8 Facts About Blue Jays
1. Blue Jays Are Not Really Blue
That’s right! Blue jays have melanin in their feathers, and it is this pigment that gives these birds their color.
The feathers of blue jays are designed in such a way that when they receive light, the melanin in them absorbs the wavelength of visible light and produces a different wavelength that makes the feathers appear blue.
Try backlighting a blue jay and see for yourself. Without direct light, the feathers will appear brownish (the color of melanin). No blue coloration will be seen.
2. Jays Are Less Noisy in Spring and Summer
Blue jays nest in the spring and the beginning of summer, and during this period, they tend to be more secretive to avoid predators.
However, come fall after the nestlings have hatched, jays will be noisier while foraging for their food and that of their little ones. They will “jay-jay” uncontrollably to stop hawks and other predators from attacking them and their chicks.
3. Blue Jays Exhibit Sexual Monomorphism
Sexual monomorphism is a phenomenon where both the male and female look the same. It is relatively rare in birds; most bird species will have males look different from females, which is called sexual dimorphism.
The only way to tell male jays from females is by looking at their courting behavior. Sexually active blue jays will often move about in groups, and will often determine how any surrounding males will behave. For instance, if the females start to fly, the males will follow and when they land, the males will land too.
4. Jays Can Live for Many, Many Years
Wild birds typically live between 6 and 8 years on average. The number can vary from bird to bird based on the surrounding environment. Of course, if a bird lives in a habitat full of predators, it may not last even a few months.
However, blue jays have been found to live a long time, with the oldest known wild jay being almost 27 years old.
Most of the time, blue jays lose their life to predators or human-made objects. But in recent years, a large number of jays have been found to lose their lives to West Nile Virus and for some reason, blue jays seem to be one of the most vulnerable species to this disease.
5. They Can Mimic Hawks
Blue jays make many sounds and it is not uncommon to hear them imitate hawks. They are especially excellent imitators of the red-shouldered hawk, one of their main predators.
Experts argue that the mimicry serves as an alarm to warn other jays about a nearby hawk.

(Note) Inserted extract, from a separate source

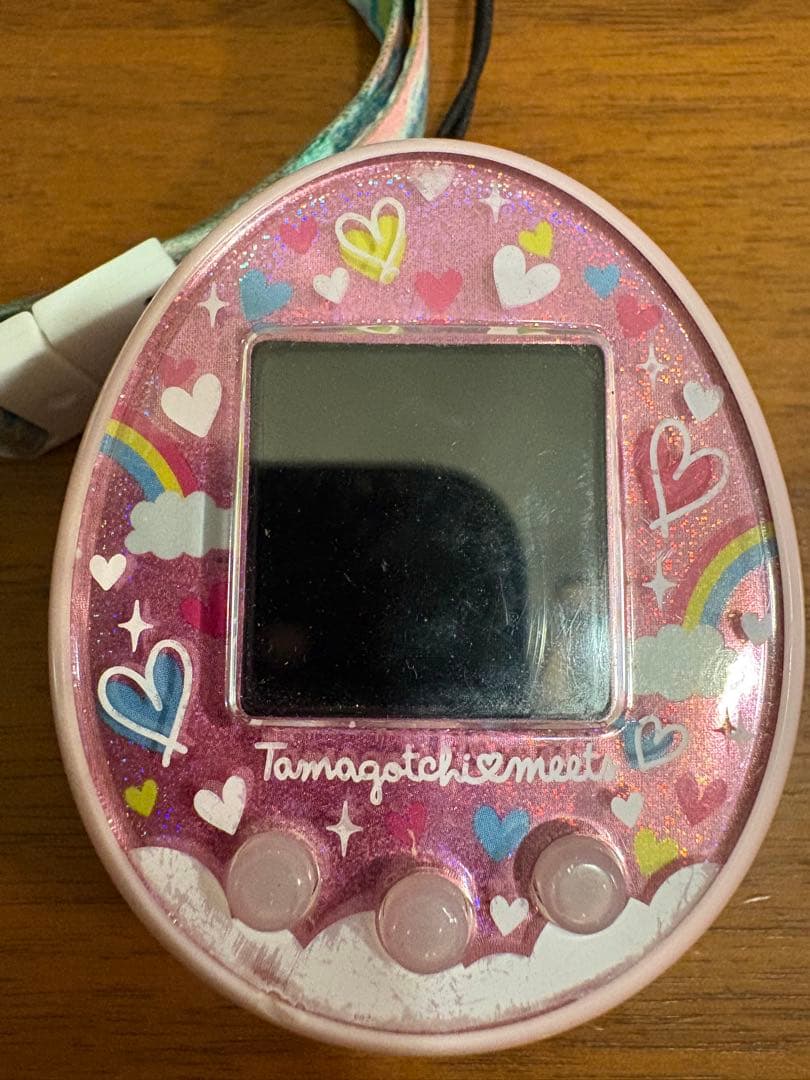Tamagotchi meets ピンク ハートデザイン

There as some, however, who have found the noises just a way to fool other bird species into thinking that there are lurking hawks so they can abandon their food and the jays can take over. Yup! Blue jays are that smart.
6. Jays Are Noisy Birds
The word “jay” was originally used to describe a talkative person who loved to dominate conversations of other people. This is where blue jays got their name from. They are loud, noisy, and lively and will produce sounds that will make the surrounding bird species seem non-existent.
They have a wide range of vocalizations. Some noises can be a delight to listen to; others can be loud and plain annoying. However, all these sounds serve unique purposes. They will warn other birds of predators and even tell them where there is more food.
7. Blue Jays Fly Slower Than Ducks
You would think that blue jays being aggressive birds will fly fast. Well, that’s not the case. Jays fly leisurely, typically at a speed of about 20 mph. Ducks can reach up to 60 mph.
Because of this, blue jays tend to be an easy target for predators who fly much faster like owls, hawks, and falcons. However, blue jays tend to be more aware of predators in their vicinity and are known to mobilize other jays pretty fast to make sounds that scare these predators away.
8. Jays Are Smart
For more exciting facts about blue jays, watch this video:
Blue jays can adapt to a wide range of diets, with some of their foods being an important part of encouraging tree growth and increasing crop productivity. Their main diet includes tree matter and small invertebrates but they can also feed on small rodents as well as other birds’ eggs and young ones.